Precisely, the four-tuples of measures  $(y_{j1}, y_{j3}, y_{j3}, y_{j4})$ are independent of each other, and follow a multivariate Gaussian distribution with mean $(\mu,\mu,\mu,\mu)$ and covariance matrix
$$
\Sigma = 
\begin{pmatrix}
\sigma_b^2+ \sigma_w^2 & \sigma_b^2 &  \sigma_b^2 & \sigma_b^2 \\
\sigma_b^2 & \sigma_b^2 + \sigma_w^2 &  \sigma_b^2 & \sigma_b^2 \\
\sigma_b^2   & \sigma_b^2 &  \sigma_b^2 + \sigma_w^2 & \sigma_b^2 \\
\sigma_b^2  & \sigma_b^2 &  \sigma_b^2 & \sigma_b^2 + \sigma_w^2 
\end{pmatrix}.
$$
This kind of distribution is said to be *exchangeable*. That means that the distribution is invariant by permutations. 

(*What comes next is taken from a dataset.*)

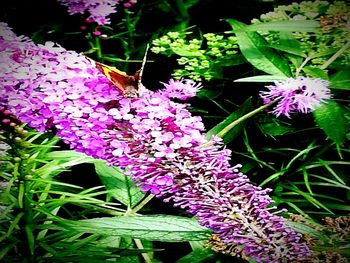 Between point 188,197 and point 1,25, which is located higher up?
point 1,25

From this point of view, the model is called a *repeated measures* model. 
Such a correlation structure is said to be of the *compound symmetry* type in the SAS terminology, and is specified by the `type=CS` instruction:

```
PROC MIXED DATA=dat ;
	CLASS Group ;
	MODEL y= ;	
	REPEATED / SUBJECT=Group type=CS R RCORR ; 
RUN; QUIT; 
```

The instructions `R` and `RCORR` are optional. They provide the estimate of the covariance matrix and the estimate of the correlation matrix. 

It is cleaner to add a column in the dataset to indicate the repetitions:

```{r}
dat$Repeat <- rep(1:J, times=I) 
print(dat, digits=3)
```

and to include it in the SAS code :

```
PROC MIXED data=dat;
	CLASS Group Repeat;
	MODEL y= ;	
	REPEATED Repeat / SUBJECT=Group type=CS R RCORR ;
RUN; 
```

This is not necessary here since the index of the repetition has no importance because of the symmetry of the correlation structure. But this column is important for other correlation structures.

There is only one difference between the random effects model and the repeated mesures model. With the first model, the correlation between two measures inside a same group is $\sigma_b^2/(\sigma_b^2 + \sigma_w^2)$, and then it is constrained to be positive, whereas there is no positivity constraint with the second model. 

This kind of model belongs to the *generalized linear models* (GLS) family. One can fit this model in R with the `gls` function of the `nlme` package:

```{r}
library(nlme)
gls(y ~ 1, data=dat, correlation=corCompSymm(form= ~ 1 | Group))
```

The residual error returned by `gls` is the estimate of the total standard deviation, which is $\sqrt{\sigma_b^2+\sigma_w^2}$ in the random effects model. 
It also returns an estimated of the correlation. This is the parameter named `Rho` in the output. In the random effects model, this correlation is  $\frac{\sigma_b^2}{\sigma_b^2+\sigma_w^2}$.